Diagrama de ubicación de los principales yacimientos en San Agustín. Luis Duque Gómez, Reseña arqueológica de San Agustín. Bogotá: Voluntad, 1971.

 

En un área de 300 kilómetros cuadrados en los que se encuentran las evidencias de la cultura de San Agustín, se han encontrado más de 3.000 sitios arqueológicos. En Mesitas, por ejemplo, se encuentra una alta concentración de las más antiguas tumbas, estatuas talladas y lugares de residencia, y es allí donde se ubica, en un sitio conocido como La Estación, la más importante estructura arquitectónica que, con espacio concéntrico cuyo diámetro es de 9 metros, parece haber sido el lugar donde se ubicó un importante templo o casa ceremonial.

Adicionalmente, el conocimiento de los astros ha quedado evidenciado en la implantación de las necrópolis en relación con los recorridos del sol en los solsticios y los equinoccios4.

En el sitio conocido como Mesita A se encuentran los dos montículos funerarios de mayores proporciones, con 30 metros de diámetro y 4 de altura. Su importancia se resaltaba con unas 15 estatuas a lo largo de los corredores, con la presencia adicional de múltiples tumbas de lajas en las que posiblemente se depositaron los restos de sus familias. Otro sitio, Mesita B, fue un espacio de residencia importante desde el período Formativo que cumplió un papel trascendental en la confi-guración de la comunidad. Se destaca el monumento llamado Lavapatas, elaboración de canales tallados en piedra en el lecho natural de la quebrada del mismo nombre, con estanques y figuras antropomorfas y zoomorfas, especialmente anfibios y reptiles.

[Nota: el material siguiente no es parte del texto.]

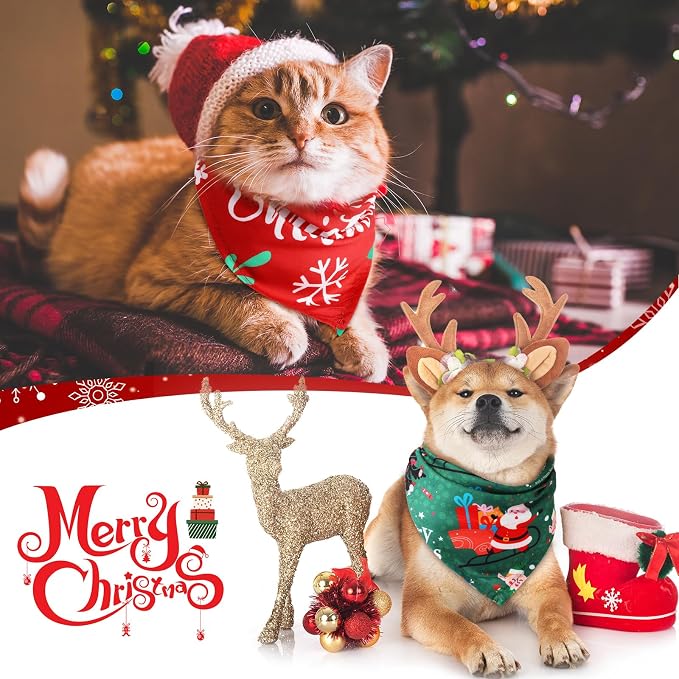 Abbylike 50 Pcs Christmas Dog Bandanas Bulk, Snowman Reindeer Santa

Se trataba de un lugar especialmente importante donde se realizaban baños rituales y ceremonias especiales de purificación.

Hoy su conservación es un asunto que a todos nos atañe por ser un territorio al que acuden miles de turistas anualmente, persuadidos por la valoración establecida por la Unesco. Además del deterioro inevitable, detonado por la erosión y su propio biodeterioro, muchos aspectos aceleran los riesgos que atentan contra su preservación. Muy a pesar de los intentos estatales para desincentivar su saqueo mediante su declaratoria como monumento nacional en 1993, el gran dilema de esta muestra de las riquezas culturales que prefiguran la nacionalidad colombiana es su reconocimiento como elemento esencial de esa historia recorrida, y muy poco comprendida, de las realidades de los habitantes de estos territorios antes de la llegada de los europeos hace 500 años. Pero la sociedad en general desconoce su existencia, y ni siquiera en los espacios académicos se le da la relevancia debida. Se acusa la ausencia de su estudio en los ámbitos de enseñanza de la arquitectura, donde prevalece el interés por las arquitecturas influenciadas desde el exterior, buenas o malas, y se desconoce la importancia del ejercicio profesional para aportar al reconocimiento y protección de estas otras arquitecturas. Pero aún estamos a tiempo de reconocerlo y actuar si lo que buscamos es recomponer lo que denominamos historia de la arquitectura colombiana.

Referencias

1 Langebaek, Carl H., 2003. Arqueología colombiana. Ciencia, pasado y exclusión. Bogotá, Colciencias, pp. 71, 79.

2 Barney-Cabrera, Eugenio, 1977. “San Agustín, centro religioso y artístico”. En: Historia del arte colombiano, tomo 1. Navarra, Salvat, pp. 95-120.

3 Zanabria, Fabián, 2014. “San Agustín, materia y memoria viva hoy”. En: Hernández de Alba, Gregorio, La cultura arqueológica de San Agustín. Bogotá, Instituto Colombiano de Antropología e Historia, pp. IX-XIII.

4 Betancur Montoya, José Rodrigo, 2006. “Marcadores solares en la cultura San Agustín”. En: Boletín de Antropología Universidad de Antioquia, vol. 20, No. 37, pp. 184-205.